# Panel said..........



## CAREbear1 (May 15, 2005)

Yes!!!!!!!!
Its official, Little rainbow is coming home to me. I finish work next Friday and I'm going to be a mummy!!!!!!!!!!!!!!!!!!   
Amanda
xxx


----------



## Misty C (Mar 1, 2006)

Whooohooo fantastic news!  Congratulations Carebear1
Love
Misty C
x


----------



## Camly (Dec 12, 2006)

[fly]whhoohooooooooooooooooooooooo!!!!![/fly]

what brilliant news. love reading these posts!! 

looking forward to hearing more on your new family x x x x x x


----------



## mavis (Apr 16, 2004)

Hi Carebear,

BRILLIANT News, Excellent, I am so pleased for you.        

I wish you well.

Lots and lots of love,

mavis x


----------



## Laine (Mar 23, 2002)

Congratulations Sweetie xxx


----------



## Sue MJ (May 4, 2002)

woohooo - congratulations Amanda, fabby news!  Can't wait to hear all about little rainbow as mummy and daughter get to share their love with each other!

Love,

Sue xxx


----------



## ♥ M J ♥ (Apr 17, 2004)

Fab Fab Fab news 

xxxxx


----------



## Mel (Jan 1, 2002)

Congratulations hun 

Wel done and hope little rainbow settles in beautifuly with mummy 

Mel
x


----------



## ritzi (Feb 18, 2006)

woohoohooo

so pleased for you  

ritz


----------



## Jo (Mar 22, 2002)

Amanda.

I am over the moon for you hun !!!

You are going to be the best mummy , this is wonderful news, but how could they say any different  

Great news.

love Jo
x x x


----------



## AmandaB1971 (Feb 19, 2006)

I am so pleased for you Amanda, Little Rainbow is a very lucky little girl!

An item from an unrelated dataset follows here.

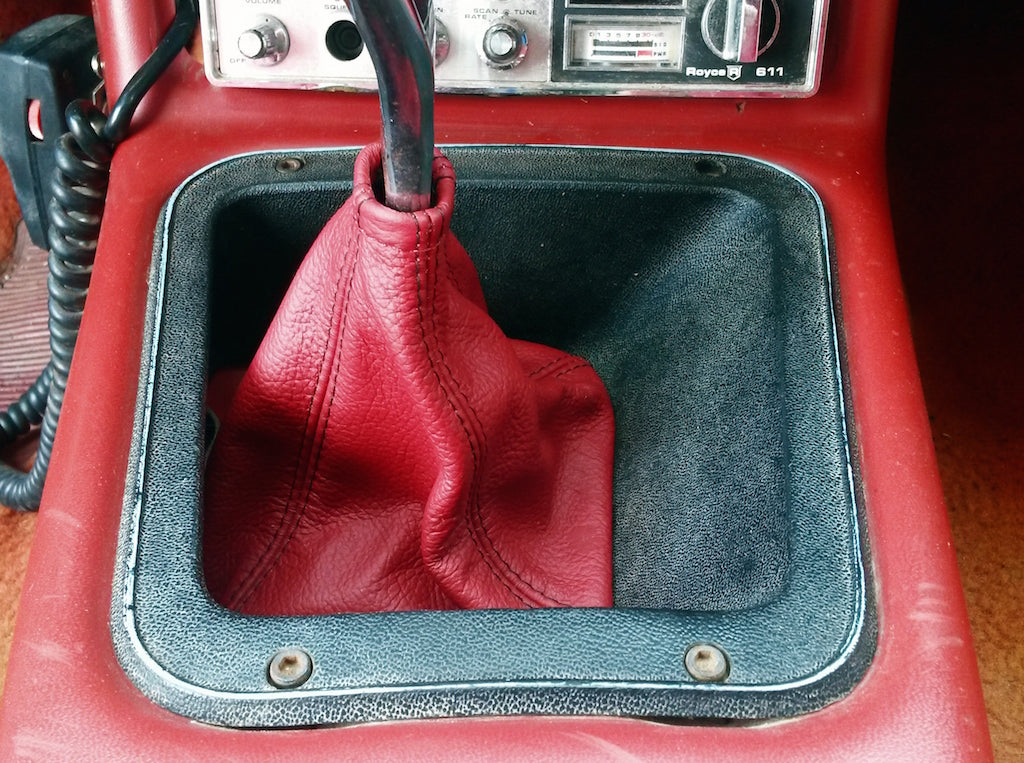 1970-81 Pontiac Firebird shift boot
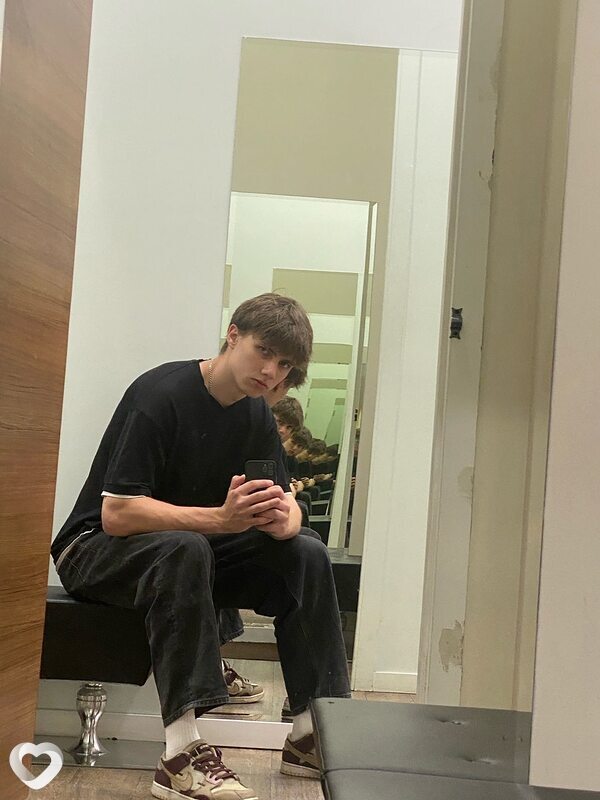 Денис, 23, Санкт-Петербурге — анкета №955996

When do intros start?

Axxxxxxxxxx​


----------



## keemjay (Jan 19, 2004)

Well done carebear  

not long to go..enjoy the build up  

kj x


----------



## Cotswold Girl (Nov 16, 2006)

CG xxxxxx


----------



## LittleMissJo (Dec 4, 2007)

Congratulations to you    how exciting  


Jo


----------



## wynnster (Jun 6, 2003)

Congratulations!!!!!

Enjoy Enjoy Enjoy


----------



## Suzie (Jan 22, 2004)

woo hoo 

Enjoy enjoy enjoy 

x


----------



## dawny36 (Mar 28, 2007)

congrats carebear  

                      


What more can I say enjoy your little girl!!

Dawny

x


----------